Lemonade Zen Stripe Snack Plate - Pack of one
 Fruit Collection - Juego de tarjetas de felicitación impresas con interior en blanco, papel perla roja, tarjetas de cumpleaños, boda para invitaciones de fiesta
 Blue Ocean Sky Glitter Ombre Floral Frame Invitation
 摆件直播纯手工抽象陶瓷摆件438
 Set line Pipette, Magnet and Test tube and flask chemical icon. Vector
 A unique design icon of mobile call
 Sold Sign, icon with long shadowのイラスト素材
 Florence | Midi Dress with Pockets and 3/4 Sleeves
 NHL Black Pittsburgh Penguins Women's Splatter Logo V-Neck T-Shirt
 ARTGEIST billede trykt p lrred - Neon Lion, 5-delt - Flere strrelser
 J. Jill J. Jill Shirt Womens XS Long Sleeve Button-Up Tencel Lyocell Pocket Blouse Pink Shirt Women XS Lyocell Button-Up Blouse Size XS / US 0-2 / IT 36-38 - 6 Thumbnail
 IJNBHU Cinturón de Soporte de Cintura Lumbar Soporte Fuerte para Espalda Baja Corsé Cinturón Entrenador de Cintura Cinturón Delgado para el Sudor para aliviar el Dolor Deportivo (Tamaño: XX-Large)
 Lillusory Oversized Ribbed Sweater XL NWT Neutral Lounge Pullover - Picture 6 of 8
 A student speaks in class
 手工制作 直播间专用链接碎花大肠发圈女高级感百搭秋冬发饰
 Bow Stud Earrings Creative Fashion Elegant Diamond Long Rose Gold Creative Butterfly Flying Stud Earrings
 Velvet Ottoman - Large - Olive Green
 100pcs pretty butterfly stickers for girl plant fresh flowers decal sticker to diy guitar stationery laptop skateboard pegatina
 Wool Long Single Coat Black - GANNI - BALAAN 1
********************
• **BRIEF**
Return each line from the data where the string "Large" can be found.

• **SOLVED PROBLEM**
 IJNBHU Cinturón de Soporte de Cintura Lumbar Soporte Fuerte para Espalda Baja Corsé Cinturón Entrenador de Cintura Cinturón Delgado para el Sudor para aliviar el Dolor Deportivo (Tamaño: XX-Large)
 Velvet Ottoman - Large - Olive Green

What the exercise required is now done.